I'm just starting my own investigation of these ideas, god forbid they teach this in architecture school, so I can't yet expound fluently yet. But that's the beauty of being done with school and having free time.
good points and interesting articles. but what about vito acconci? he kind of throws that last article through a whole other loop, doesn't he? (not that i'm proposing an intellectual connection between vito acconci and michael maltzan...)
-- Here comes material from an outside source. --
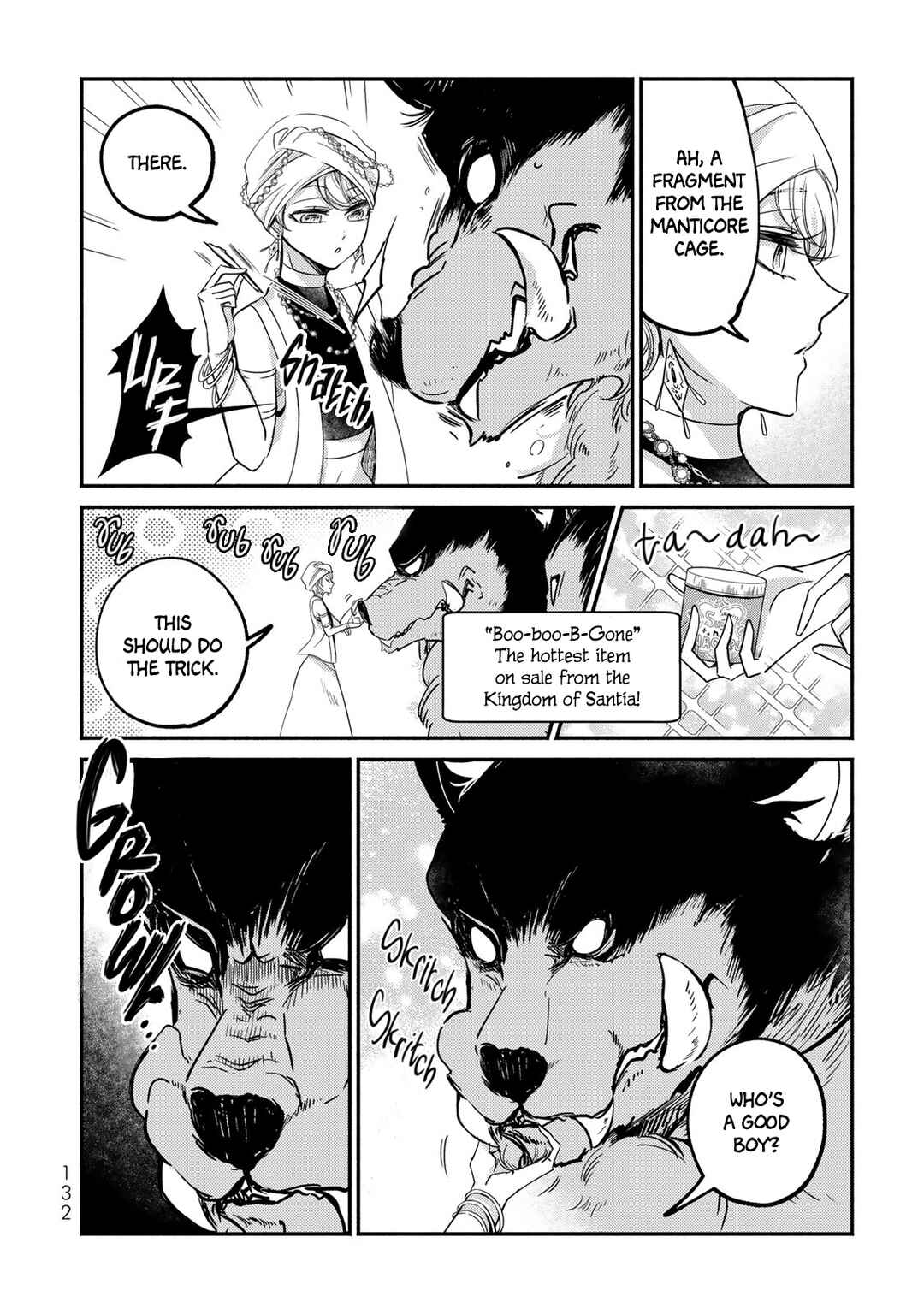 Page 8 Chapter 12 Victoria Winner Ostwen Ouhi wa Sekai de Ichiban Erasou de Aru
I've noticed that when it comes to art about architecture and architecture as art, it is the artists who definitely aren’t spending a lot of energy claiming or defending that art can be architecture, while in contrast it is the architects who take such a position that have their work cut out in defending and promoting this idea to their audience, including themselves, pretty much endlessly. This endless defense and promotion can manifest in a variety of ways, such as exhibitions (sometimes even at a museum!), articles in scholarly journals , conferences (some where the philosopher doesn’t bother to show up but the architect does), etc. I think ultimately that the artist, by the terms of their craft or practice or whatever, has a discplinary leverage in such a situation and can be clever in exploiting this occurence of endless defense and seeing it clearly for what this 'extra' activity might mean. (see dan graham and his use of his architectural models as propaganda for getting more commissions to build more models)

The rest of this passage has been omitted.